When companies think about who will thrive in an AI-enabled workplace, we tend to look for the obvious signals.
- Technical expertise.
- AI fluency.
- People who know the newest tools and can write the best prompts.
Those things matter.
But some of the people I’d bet on most aren’t technologists at all.
They’re the people:
- Who can spot patterns.
- Who have a clear vision of what they’re trying to accomplish, when the path isn’t clear.
- Who understand not just how work gets done, but why.
- And who can see how the pieces fit together.
I spent much of my career working cross-functionally, eventually in roles where understanding those connections was the work.
A process was never just a process.
It was data. Calendars. Dependencies. Decisions. Competing priorities. Team motivations. And, ultimately, people.
That experience has turned out to be surprisingly relevant to how I use AI.
Because getting AI to produce something isn’t the hard part anymore.
Knowing what you need, giving it the right context, recognizing whether the output is actually good, and shaping it from there is where the value is.

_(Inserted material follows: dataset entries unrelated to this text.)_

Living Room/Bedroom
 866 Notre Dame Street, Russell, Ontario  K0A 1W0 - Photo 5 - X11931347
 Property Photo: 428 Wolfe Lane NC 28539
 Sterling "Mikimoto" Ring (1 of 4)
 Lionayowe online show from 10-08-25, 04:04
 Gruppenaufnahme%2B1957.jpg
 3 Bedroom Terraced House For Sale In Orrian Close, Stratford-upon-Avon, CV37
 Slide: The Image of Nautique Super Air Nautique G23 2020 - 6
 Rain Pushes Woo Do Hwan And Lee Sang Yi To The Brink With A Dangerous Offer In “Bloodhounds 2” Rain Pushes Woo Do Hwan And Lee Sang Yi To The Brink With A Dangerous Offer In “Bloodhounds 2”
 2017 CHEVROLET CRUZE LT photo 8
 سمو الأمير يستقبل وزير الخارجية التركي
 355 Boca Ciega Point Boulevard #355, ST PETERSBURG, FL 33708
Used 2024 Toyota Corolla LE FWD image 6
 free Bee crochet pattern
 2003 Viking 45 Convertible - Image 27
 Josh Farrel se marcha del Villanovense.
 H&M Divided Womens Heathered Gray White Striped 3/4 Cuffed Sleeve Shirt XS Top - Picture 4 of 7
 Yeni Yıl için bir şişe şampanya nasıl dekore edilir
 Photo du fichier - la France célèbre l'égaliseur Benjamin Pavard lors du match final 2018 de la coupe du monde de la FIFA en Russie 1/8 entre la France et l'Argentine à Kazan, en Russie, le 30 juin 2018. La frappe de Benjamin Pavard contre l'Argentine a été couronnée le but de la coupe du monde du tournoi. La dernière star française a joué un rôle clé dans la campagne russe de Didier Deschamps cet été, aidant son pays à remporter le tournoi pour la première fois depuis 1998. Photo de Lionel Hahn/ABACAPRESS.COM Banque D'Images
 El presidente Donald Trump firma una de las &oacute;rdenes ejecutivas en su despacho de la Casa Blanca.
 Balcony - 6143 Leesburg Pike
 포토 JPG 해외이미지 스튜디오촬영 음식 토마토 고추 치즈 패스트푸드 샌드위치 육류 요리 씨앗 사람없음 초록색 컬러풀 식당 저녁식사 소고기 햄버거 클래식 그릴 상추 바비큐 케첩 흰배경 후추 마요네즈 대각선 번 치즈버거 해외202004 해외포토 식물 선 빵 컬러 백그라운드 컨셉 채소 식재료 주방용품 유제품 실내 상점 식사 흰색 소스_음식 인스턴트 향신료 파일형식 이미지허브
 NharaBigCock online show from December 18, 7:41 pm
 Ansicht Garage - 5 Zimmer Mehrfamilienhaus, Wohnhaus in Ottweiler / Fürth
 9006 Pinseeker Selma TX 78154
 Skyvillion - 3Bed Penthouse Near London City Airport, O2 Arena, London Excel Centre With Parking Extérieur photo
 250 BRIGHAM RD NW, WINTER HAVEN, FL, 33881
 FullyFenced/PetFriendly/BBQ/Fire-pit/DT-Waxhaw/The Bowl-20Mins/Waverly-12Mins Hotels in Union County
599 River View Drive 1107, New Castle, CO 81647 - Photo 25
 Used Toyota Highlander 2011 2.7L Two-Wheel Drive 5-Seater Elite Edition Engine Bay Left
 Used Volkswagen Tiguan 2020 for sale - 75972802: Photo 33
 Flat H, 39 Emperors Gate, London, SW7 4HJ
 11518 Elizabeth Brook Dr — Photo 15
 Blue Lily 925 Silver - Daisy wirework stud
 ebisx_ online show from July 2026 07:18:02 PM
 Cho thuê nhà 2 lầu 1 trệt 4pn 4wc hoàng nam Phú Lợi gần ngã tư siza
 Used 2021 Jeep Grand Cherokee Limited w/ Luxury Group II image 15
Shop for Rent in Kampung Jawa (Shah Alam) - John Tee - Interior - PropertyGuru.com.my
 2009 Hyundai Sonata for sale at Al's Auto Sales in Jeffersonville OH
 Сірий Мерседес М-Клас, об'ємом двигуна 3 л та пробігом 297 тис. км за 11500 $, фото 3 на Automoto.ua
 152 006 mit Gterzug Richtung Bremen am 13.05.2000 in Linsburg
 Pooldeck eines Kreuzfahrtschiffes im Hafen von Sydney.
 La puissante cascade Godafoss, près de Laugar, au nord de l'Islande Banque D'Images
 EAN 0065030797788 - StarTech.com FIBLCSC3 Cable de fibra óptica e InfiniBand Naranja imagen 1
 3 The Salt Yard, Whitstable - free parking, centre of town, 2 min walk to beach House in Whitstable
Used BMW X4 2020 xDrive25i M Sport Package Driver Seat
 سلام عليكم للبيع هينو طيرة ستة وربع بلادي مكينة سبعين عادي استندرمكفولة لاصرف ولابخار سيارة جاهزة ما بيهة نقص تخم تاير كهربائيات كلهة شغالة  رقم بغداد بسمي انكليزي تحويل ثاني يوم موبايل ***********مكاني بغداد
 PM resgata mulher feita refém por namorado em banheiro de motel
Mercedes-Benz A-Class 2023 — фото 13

Someone can use AI all day and still use it poorly.
If you simply accept what it gives you without challenging, editing or applying judgment, you aren’t augmenting your capabilities. You’re outsourcing them.
The strongest AI users I see use it as a tool, not a replacement for thinking.
Companies have a role in this too.
- Some are adding solution after solution across departments without understanding how to optimize them together.
- Others are so restrictive that employees can’t experiment enough to learn where AI could actually make their work better.
- At the other extreme, some give employees carte blanche without enough guardrails. At scale, that can carry real consequences.
The opportunity is somewhere in between: create a support system that gives teams access to learn and experiment, clarity around where AI can improve their work, and guardrails to use it responsibly.
Then pay attention to who thrives.
My bet?
The curious operators. The pattern spotters. The people who understand the whole system. The ones who can hold the goal while questioning the process.
As AI gets better at producing answers, our ability to know what we’re trying to accomplish, ask better questions, and apply judgment to what comes back may become more valuable, not less.